Question 1: Define uniform circular motion and explain why it involves acceleration even though the speed is constant.

Uniform circular motion is motion along a circular path at constant speed; the word 'uniform' refers to constant speed.
Although speed is constant, the direction of velocity changes continuously at every point on the circular path.
Since velocity is a vector and its direction changes, there is a rate of change of velocity — hence the object undergoes acceleration called centripetal acceleration.

Question 2: Calculate the angular speed, linear speed, and centripetal acceleration of the student on the merry-go-round. (R = 5 m, T = 4 s)

Angular speed: ω = 2π/T = 2π/4 = π/2 ≈ 1.57 rad/s.
Linear speed: v = ωR = 1.57 × 5 = 7.85 m/s.
Centripetal acceleration: ac = ω²R = (1.57)² × 5 ≈ 2.47 × 5 ≈ 12.3 m/s², directed towards the centre of the merry-go-round.

Question 3: Explain why centripetal acceleration is not a constant vector and derive the expression ac = v²/R using the similarity of triangles.
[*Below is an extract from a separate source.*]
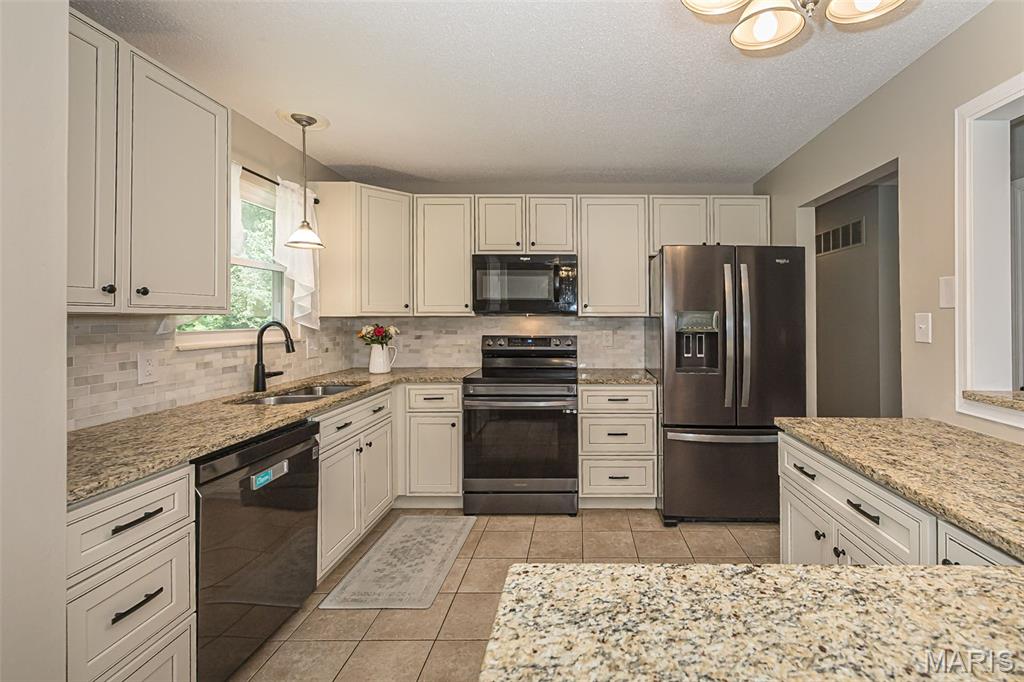 468 Talbert Court Ballwin, MO 63021 - Photo 8 of 28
A vector is constant only if both magnitude and direction are unchanged; centripetal acceleration has constant magnitude v²/R but its direction continuously changes, always pointing inward — so it is not a constant vector.
For positions P and P′ on the circle separated by angle Δθ, the triangle of position vectors (r, r′, Δr) is similar to the triangle of velocity vectors (v, v′, Δv) because both have the same apex angle Δθ.
From similarity: |Δv|/v = |Δr|/R, so |Δv| = v|Δr|/R; dividing by Δt and taking the limit as Δt → 0 gives ac = v × (|Δr|/Δt)/R = v²/R.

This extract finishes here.